Monday, March 5, 2012

Child Trafficking in Benin

By Paul Ndiho
March 6, 2012

In Benin, child trafficking is a crime that is strongly punished, but child trafficking still is at all-time high. Young children are being sold into domestic servitude or the commercial sex trade in Cotonou.
Dossou concentrates hard on geometry exercise. He is only 12. But he knows what it's like not be able to go to school. After his parents split up, his father sold him. He spent three months alone and scared in Nigeria.
“One day my daddy said to me come, we're going somewhere. And we went to Nigeria. The place he took me to, there was a lady there. She was selling maize. He told me to stay with the lady. When he left I cried. The lady told me to be quiet and I was quiet.”
Dossou’s story is not unique in Benin, a small country with porous borders where thousands of children are trafficked every year. There are also about 600-child laborers in Benin. Boys are forced to work on farms, in construction, produce handicrafts, or hawk items on the street.


"Child trafficking is big issues in Benin so UNICEF is supporting the government to fight against this phenomenon to be able to save these children, recuperate them and get them back into their childhood and to train them."

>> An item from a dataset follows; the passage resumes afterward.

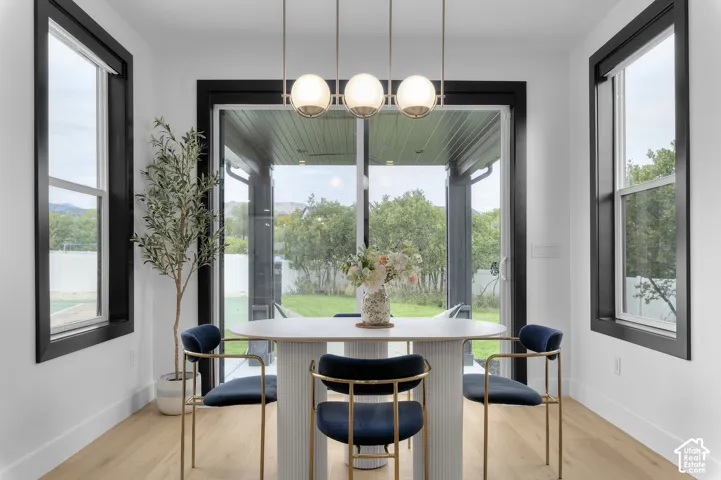 Dining area featuring wood-finish flooring, high-contrast black window trim, a contemporary linear chandelier with frosted globe shades, and sliding glass doors with direct exterior access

UNICEF supports organizations such as Don Bosco and the Salesiane Sisters, which help children from the streets and victims of child trafficking like Dossou.
“With this type of child the first thing to do is reassure them, because he's a child who has been sold by his own father. So the first thing to do was to reassure him, to guarantee his protection and to tell him that in this place he will feel safe. That's the first thing. Then we had to motivate him so he would rediscover the joy of living, of going back to school.”

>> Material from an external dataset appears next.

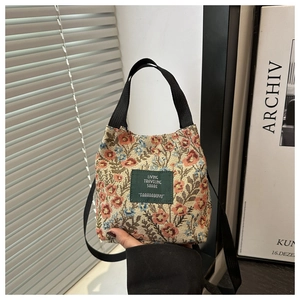 Macro view of vintage floral tapestry fabric and dark green label on mini tote bag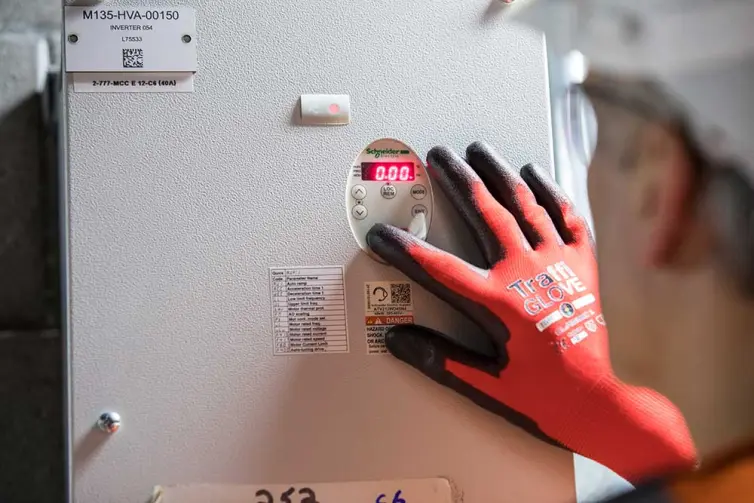 man inspecting electrical equipment in station.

The Don Bosco Centre in Porto Novo touches the lives of vulnerable children in various ways. Some of them, like Dossou, live here. Others do fast-track schooling or learn a trade.
Three outreach centers have been opened in marketplaces for vulnerable children.

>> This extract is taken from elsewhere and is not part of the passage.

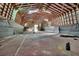 Spacious indoor barn used for recreation featuring overhead beams, lighting, and an open doorway at 1440 Arroyo Vista Dr, Deland, FL 32724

14 year-old bread seller Honorine started coming to this shelter in Cotonou’s market two years ago.
She didn't know how to tell her mother she was taking time off from work. So she gave her a necklace she had made at the outreach center.
“I have noticed that my daughter has changed since coming here. There have been great improvements in her upbringing. I have definitely noticed changes in Honorine’s behavior.”
“The barraques that you see behind me were put in place by NGOS and they are very important step for children in life because they give them a second chance to return to childhood and begin their livelihood like a child and to start on a new path on their lives.”